**Your goal**
Using the data beneath this instruction, retype only the lines from the one that contains "Real Fast: Saturday’s best in 60 seconds" down to the one that contains "Hikvision DS-2DE2C200MWG-E(2.8mm) 2", both included, exactly as they appear.

Collected data
--------
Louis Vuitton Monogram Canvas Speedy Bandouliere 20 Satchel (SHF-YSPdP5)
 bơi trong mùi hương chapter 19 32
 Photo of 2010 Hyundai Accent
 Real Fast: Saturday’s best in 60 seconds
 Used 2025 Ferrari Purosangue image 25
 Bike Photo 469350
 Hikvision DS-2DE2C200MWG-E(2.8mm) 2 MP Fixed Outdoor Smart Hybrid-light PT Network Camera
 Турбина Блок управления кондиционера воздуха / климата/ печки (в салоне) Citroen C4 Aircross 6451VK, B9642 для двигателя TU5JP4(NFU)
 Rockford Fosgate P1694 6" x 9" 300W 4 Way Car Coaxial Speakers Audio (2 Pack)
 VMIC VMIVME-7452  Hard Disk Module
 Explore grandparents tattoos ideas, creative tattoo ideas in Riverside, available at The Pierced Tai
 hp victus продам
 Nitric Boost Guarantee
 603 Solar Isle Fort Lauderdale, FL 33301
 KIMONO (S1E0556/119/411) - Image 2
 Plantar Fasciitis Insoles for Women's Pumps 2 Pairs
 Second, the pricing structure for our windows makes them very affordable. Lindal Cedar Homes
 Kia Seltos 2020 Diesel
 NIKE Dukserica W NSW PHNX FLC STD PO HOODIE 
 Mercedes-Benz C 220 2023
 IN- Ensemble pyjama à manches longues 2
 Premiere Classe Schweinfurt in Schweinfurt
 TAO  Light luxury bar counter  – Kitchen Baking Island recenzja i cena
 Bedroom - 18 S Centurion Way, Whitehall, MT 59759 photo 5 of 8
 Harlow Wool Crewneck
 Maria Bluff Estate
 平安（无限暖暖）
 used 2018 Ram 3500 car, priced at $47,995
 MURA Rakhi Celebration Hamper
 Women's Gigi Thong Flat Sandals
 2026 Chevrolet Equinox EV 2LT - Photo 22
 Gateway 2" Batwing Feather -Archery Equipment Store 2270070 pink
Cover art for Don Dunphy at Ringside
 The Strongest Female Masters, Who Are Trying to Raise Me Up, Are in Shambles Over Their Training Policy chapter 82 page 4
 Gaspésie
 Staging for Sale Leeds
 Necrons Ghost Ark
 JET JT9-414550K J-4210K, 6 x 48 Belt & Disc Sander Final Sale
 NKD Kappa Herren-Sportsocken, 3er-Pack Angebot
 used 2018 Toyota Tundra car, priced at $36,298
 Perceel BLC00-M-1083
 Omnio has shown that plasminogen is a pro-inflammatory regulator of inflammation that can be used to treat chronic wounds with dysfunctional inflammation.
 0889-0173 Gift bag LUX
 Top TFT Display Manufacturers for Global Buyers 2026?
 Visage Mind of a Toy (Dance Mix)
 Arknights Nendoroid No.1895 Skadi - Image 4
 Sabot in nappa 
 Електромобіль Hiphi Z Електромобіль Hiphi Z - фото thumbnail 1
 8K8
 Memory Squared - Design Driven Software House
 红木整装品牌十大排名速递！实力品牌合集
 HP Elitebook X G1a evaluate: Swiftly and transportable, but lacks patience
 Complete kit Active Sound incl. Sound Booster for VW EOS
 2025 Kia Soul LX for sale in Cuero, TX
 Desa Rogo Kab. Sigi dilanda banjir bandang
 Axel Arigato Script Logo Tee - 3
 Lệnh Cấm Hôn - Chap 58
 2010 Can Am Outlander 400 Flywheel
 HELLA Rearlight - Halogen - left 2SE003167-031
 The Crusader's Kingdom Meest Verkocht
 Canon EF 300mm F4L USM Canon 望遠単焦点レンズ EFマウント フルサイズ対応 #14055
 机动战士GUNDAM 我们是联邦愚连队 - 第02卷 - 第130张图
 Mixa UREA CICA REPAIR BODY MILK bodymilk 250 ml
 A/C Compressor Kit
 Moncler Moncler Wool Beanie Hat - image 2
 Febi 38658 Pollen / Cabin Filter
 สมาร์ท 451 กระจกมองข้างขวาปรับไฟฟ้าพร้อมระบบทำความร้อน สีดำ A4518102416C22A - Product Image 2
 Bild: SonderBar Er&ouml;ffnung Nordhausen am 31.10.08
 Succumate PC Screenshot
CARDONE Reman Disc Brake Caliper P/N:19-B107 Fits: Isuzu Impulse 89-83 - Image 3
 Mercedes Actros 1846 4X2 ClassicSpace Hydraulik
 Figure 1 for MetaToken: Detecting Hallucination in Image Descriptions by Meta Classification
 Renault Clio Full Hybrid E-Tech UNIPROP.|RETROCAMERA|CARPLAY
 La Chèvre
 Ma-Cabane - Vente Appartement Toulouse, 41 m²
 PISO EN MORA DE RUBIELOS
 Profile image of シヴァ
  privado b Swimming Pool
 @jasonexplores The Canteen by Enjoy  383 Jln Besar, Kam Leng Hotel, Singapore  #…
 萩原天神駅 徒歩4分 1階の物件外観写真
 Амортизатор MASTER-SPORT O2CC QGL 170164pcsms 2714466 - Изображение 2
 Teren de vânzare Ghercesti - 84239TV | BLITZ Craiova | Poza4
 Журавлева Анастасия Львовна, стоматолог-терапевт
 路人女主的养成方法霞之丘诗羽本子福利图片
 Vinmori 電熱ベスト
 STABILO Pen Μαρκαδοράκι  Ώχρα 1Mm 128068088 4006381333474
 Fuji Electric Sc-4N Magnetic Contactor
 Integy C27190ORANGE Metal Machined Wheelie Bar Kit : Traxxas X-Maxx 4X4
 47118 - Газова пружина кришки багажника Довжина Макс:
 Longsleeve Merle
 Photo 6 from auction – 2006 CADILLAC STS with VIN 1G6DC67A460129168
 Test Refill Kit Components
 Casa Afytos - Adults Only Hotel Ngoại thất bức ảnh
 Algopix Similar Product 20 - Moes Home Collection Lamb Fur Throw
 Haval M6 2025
--------
**The completed task**
 Real Fast: Saturday’s best in 60 seconds
 Used 2025 Ferrari Purosangue image 25
 Bike Photo 469350
 Hikvision DS-2DE2C200MWG-E(2.8mm) 2 MP Fixed Outdoor Smart Hybrid-light PT Network Camera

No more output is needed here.